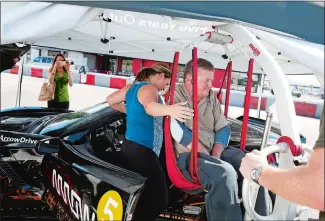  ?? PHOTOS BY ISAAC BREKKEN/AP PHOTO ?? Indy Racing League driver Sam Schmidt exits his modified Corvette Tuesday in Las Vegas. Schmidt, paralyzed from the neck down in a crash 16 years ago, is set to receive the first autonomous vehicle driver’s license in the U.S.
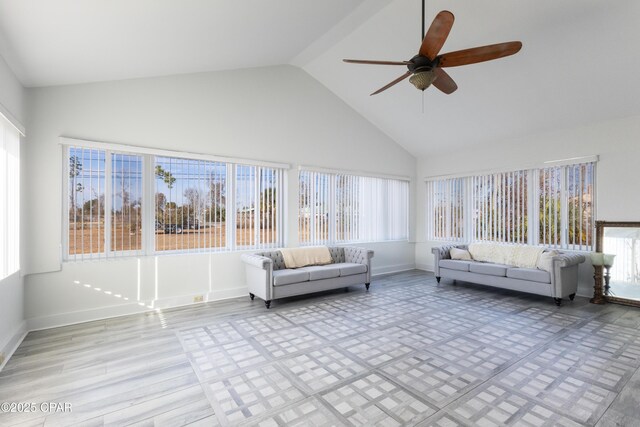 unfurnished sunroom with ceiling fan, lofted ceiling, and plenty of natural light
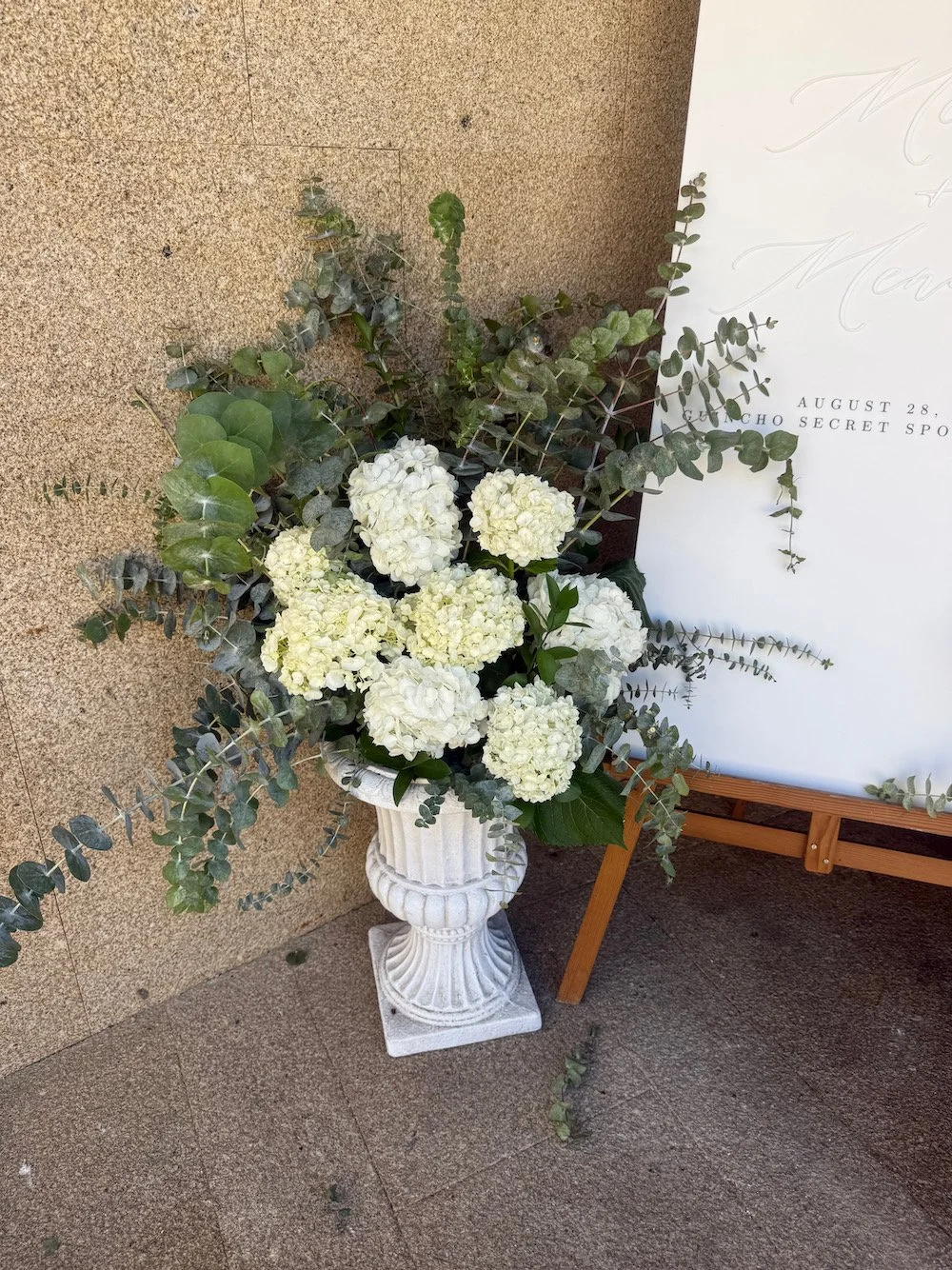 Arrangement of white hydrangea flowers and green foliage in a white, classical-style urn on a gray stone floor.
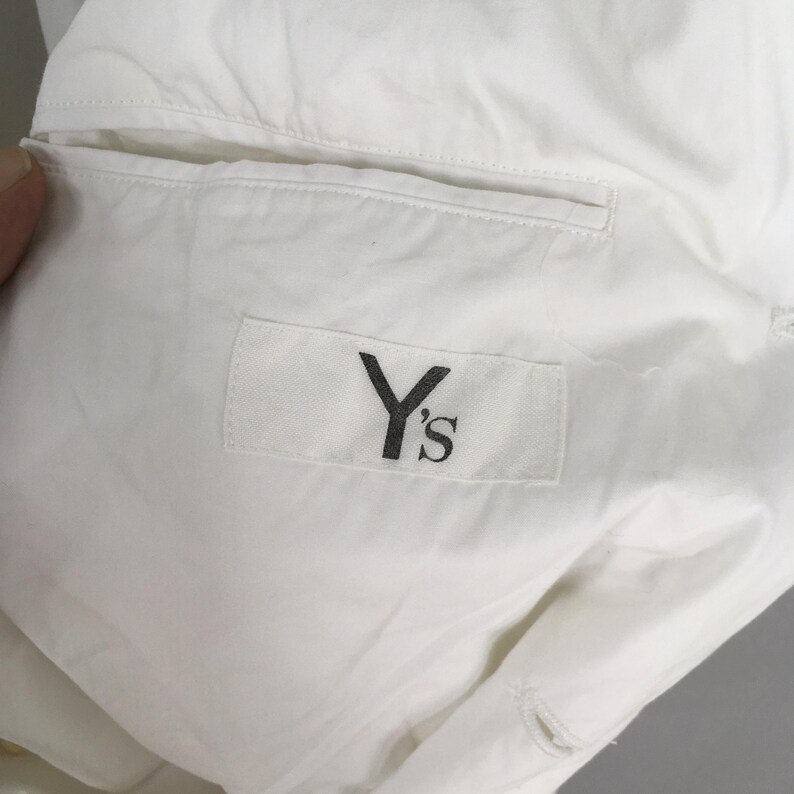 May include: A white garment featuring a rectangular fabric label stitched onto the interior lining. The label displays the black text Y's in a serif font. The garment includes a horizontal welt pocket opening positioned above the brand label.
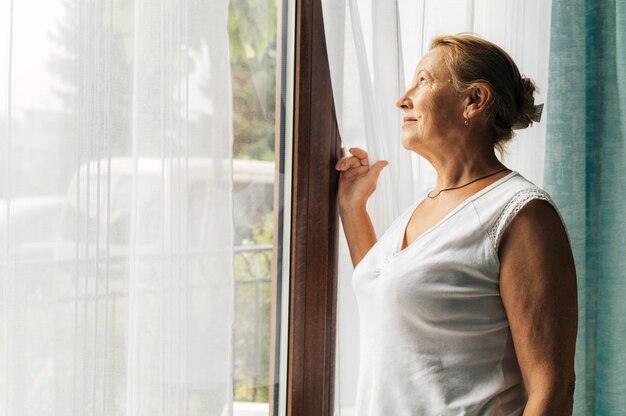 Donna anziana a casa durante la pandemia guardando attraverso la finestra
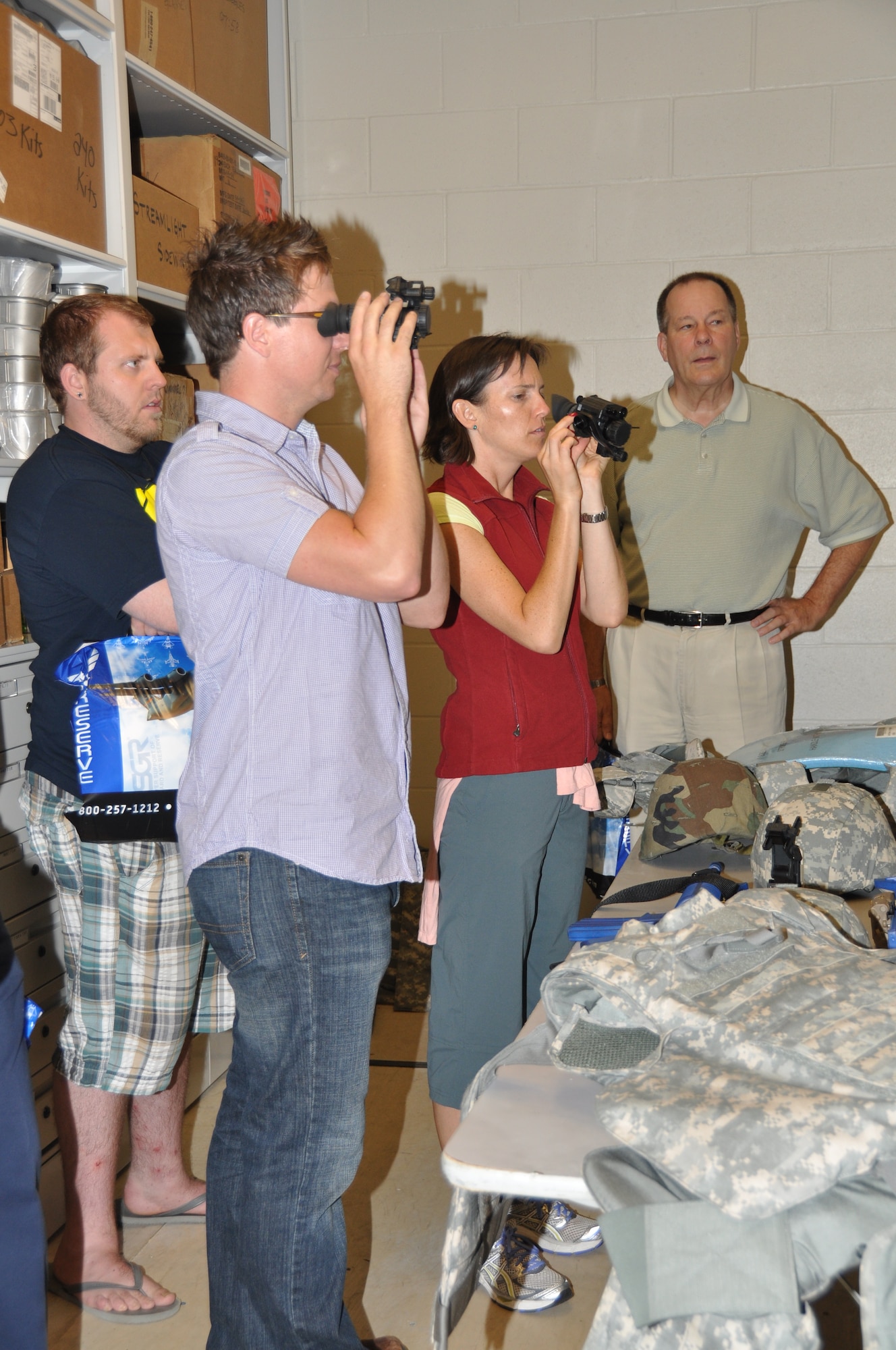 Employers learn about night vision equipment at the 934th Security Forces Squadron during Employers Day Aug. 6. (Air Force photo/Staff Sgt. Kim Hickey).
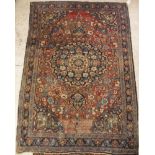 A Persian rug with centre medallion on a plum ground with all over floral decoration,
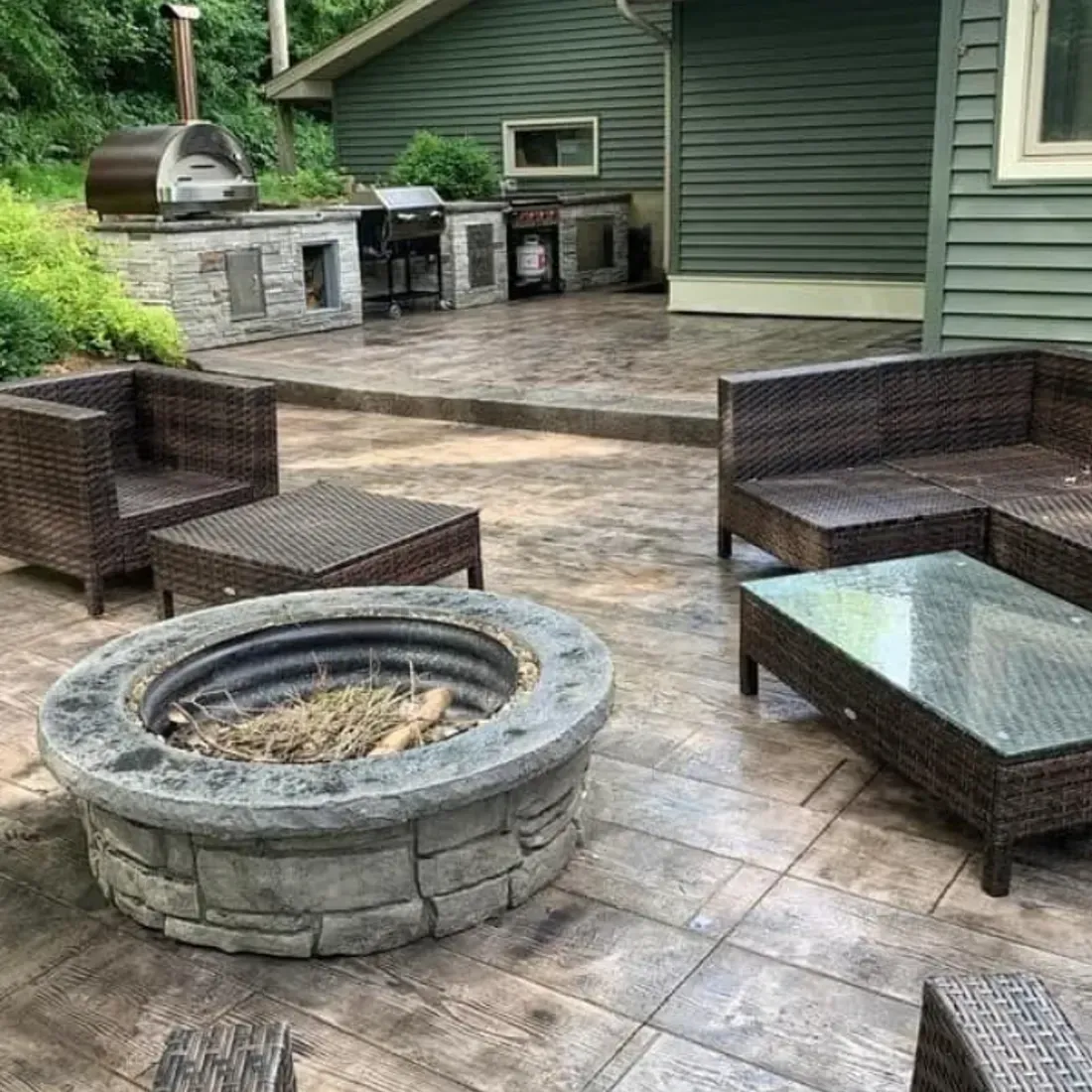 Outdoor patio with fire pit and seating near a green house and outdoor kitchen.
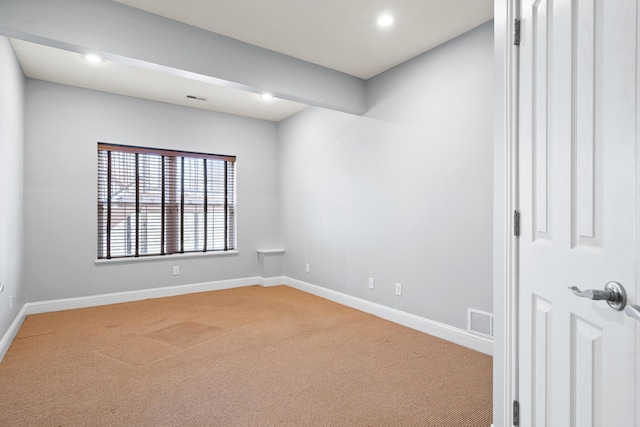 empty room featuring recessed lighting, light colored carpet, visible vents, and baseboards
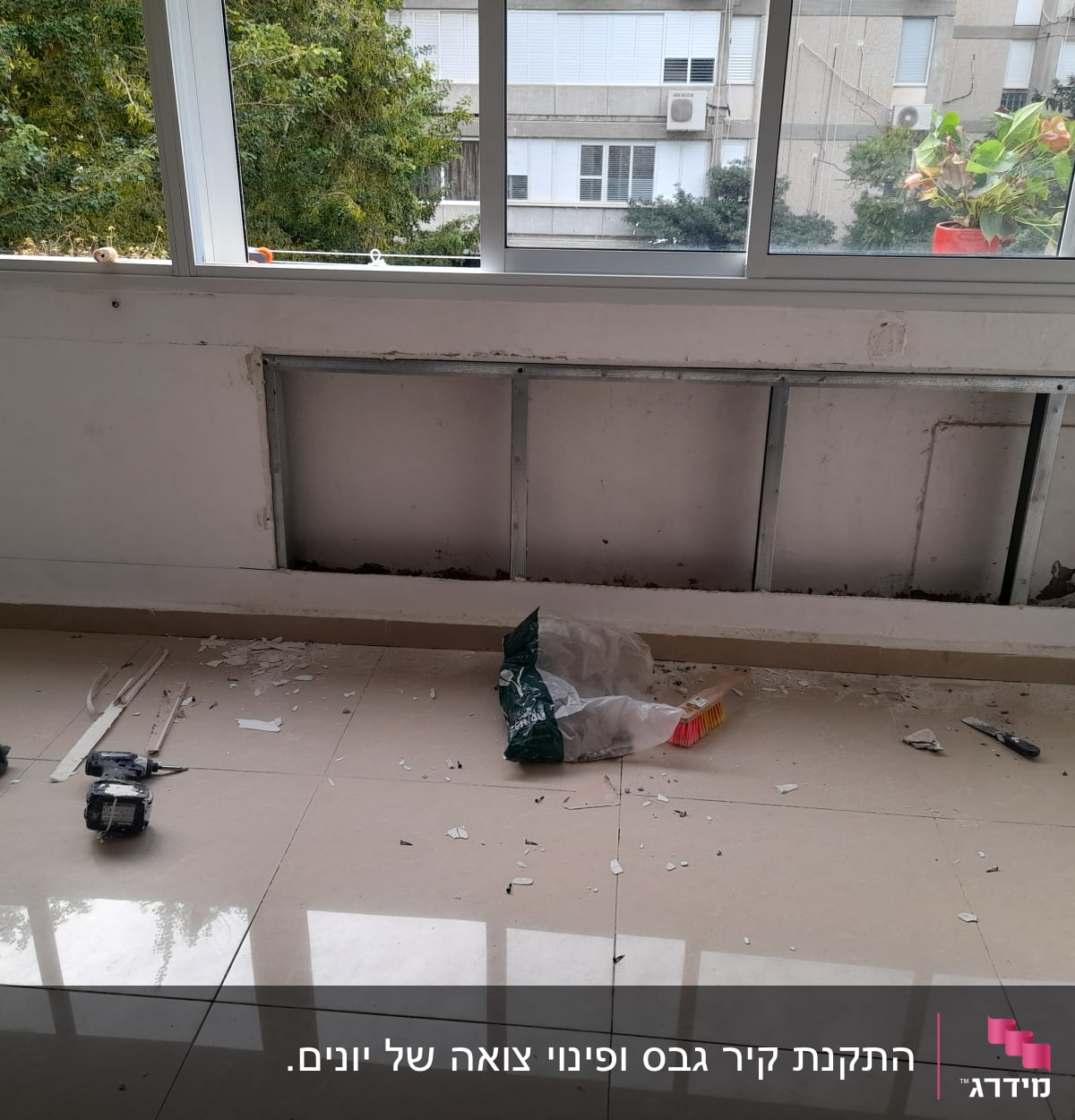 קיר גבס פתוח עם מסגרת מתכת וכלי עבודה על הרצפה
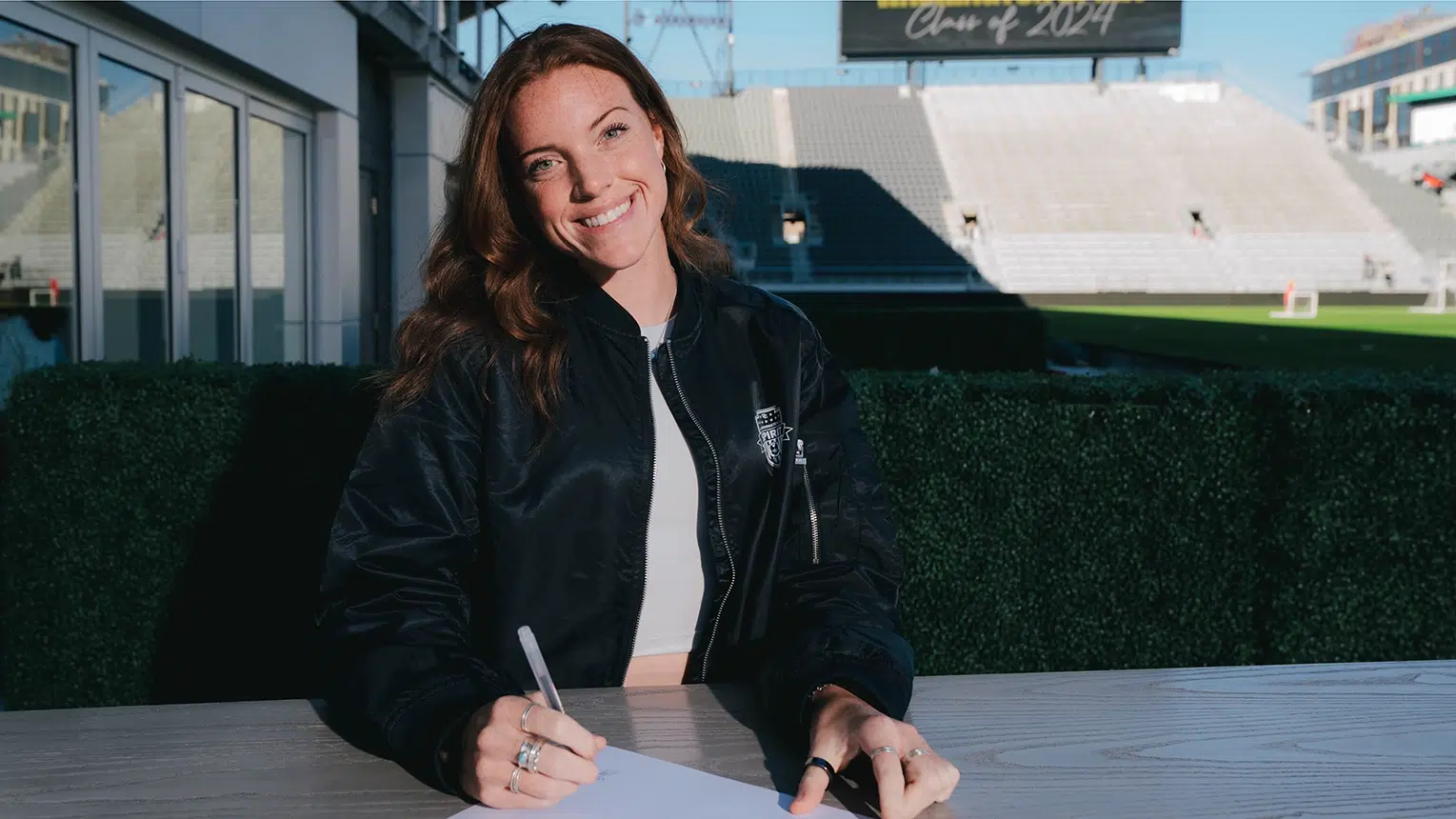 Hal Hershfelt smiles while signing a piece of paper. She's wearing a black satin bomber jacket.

▸ **HOW TO COMPLETE THIS TASK**
Would you restate, word for word, the lines from the one holding "empty room featuring" through the end of the material above? Omit the pictures.

▸ **ANSWER TO THIS EXERCISE**
 empty room featuring recessed lighting, light colored carpet, visible vents, and baseboards
 קיר גבס פתוח עם מסגרת מתכת וכלי עבודה על הרצפה
 Hal Hershfelt smiles while signing a piece of paper. She's wearing a black satin bomber jacket.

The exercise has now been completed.